Zudem konnte Ruoff mehrere Kantonsspitäler und die Kantone Genf, Tessin, Waadt, Aargau und Zürich als Kunden gewinnen, für die die Post verschiedene Lösungen entwickelt. Genf war Mitte 2013 der erste Kanton, der mit der Plattform MonDossierMedical.ch das elektronische Patientendossier einführte. Im Kanton Aargau etwa können die an den Kantonsspitälern Aargau und Baden tätigen Ärzte über Vivates die Zuweisung von Patienten mitsamt Eintrittstermin per Mausklick vornehmen. 

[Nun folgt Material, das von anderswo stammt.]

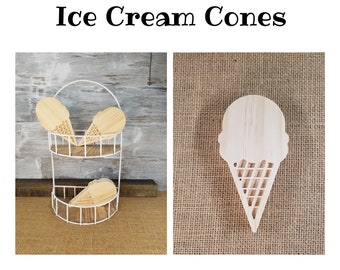 Set of 3 Unfinished Wood Ice Cream Cones | Ice Cream Party Decor | Ice Cream Tiered Tray Decor | Faux Ice Cream | Ice Cream Cone Decor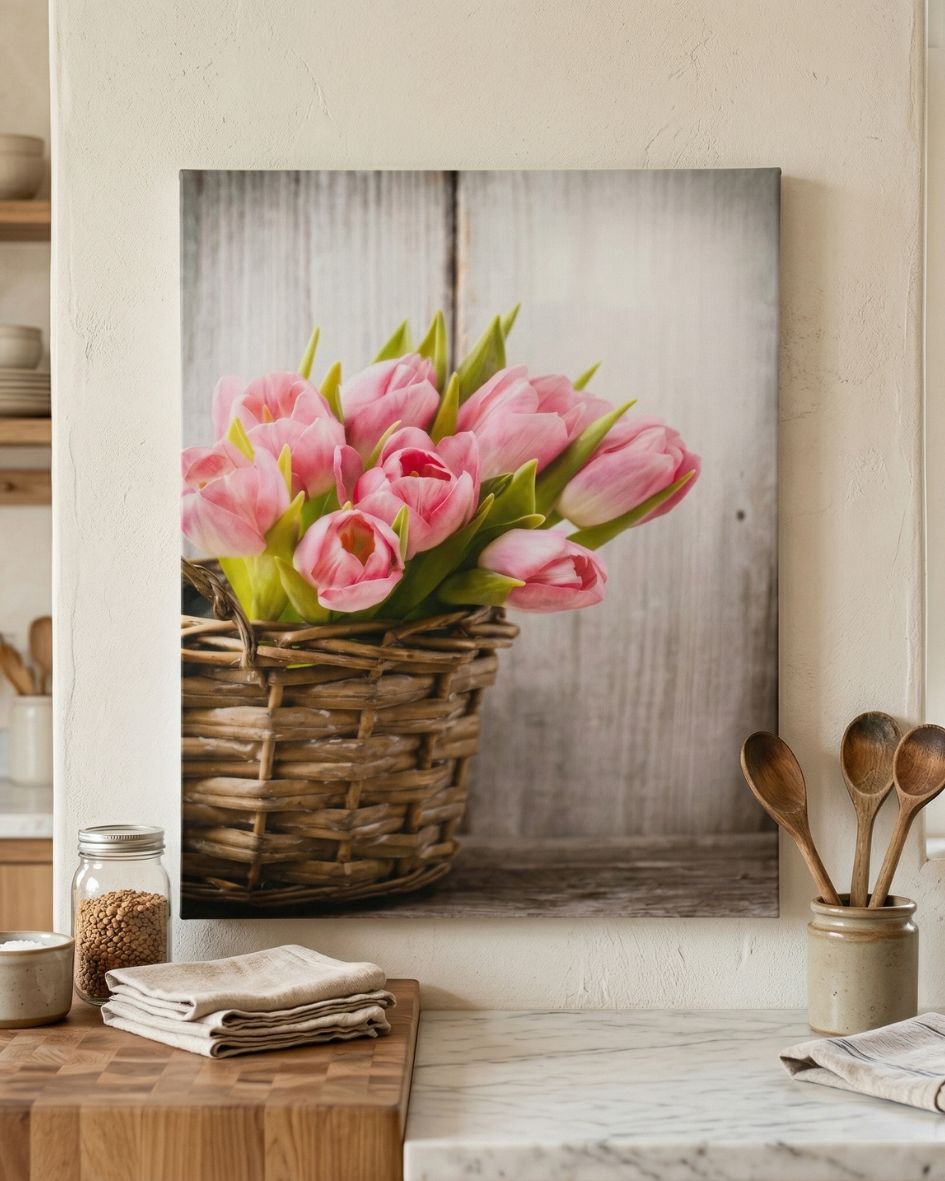 Tela decorativa com fotografia de tulipas cor-de-rosa em cesto de vime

Post und Swisscom im Wettbewerb

Der Austausch von digitalen Daten gehört zu den wichtigsten Vorhaben der Schweizer Gesundheitsbranche. Neben der Post hat mit der Swisscom ein weiterer bundesnaher Betrieb Lösungen entwickelt, wobei sich dessen Plattform Evita mit Vivates in gewissen Punkten sogar konkurrenziert. 
Evita soll sich allerdings stärker als Vivates am Patienten orientieren. Und mit Curabill bietet Swisscom ein Tool, auch Zahlungsflüsse im Gesundheitswesen elektronisch abzuwickeln. 

Für jeden Schweizer eine digitale Akte

Dass sich das elektronische Patientendossier durchsetzen wird, steht ausser Frage. Das entsprechende Bundesgesetz tritt voraussichtlich 2017 in Kraft, in einigen Kantonen ist die Einführung bereits ohne Gesetz weit fortgeschritten. Damit erhalten künftig alle in der Schweiz lebenden Personen ein elektronisches Patientendossier. 
Darüber, wie viel Geld sich mit dem Austausch von digitalen Gesundheitsdaten einsparen lässt, gibt es zahlreiche Schätzungen. Post und Swisscom rechnen mit mehreren Milliarden Franken.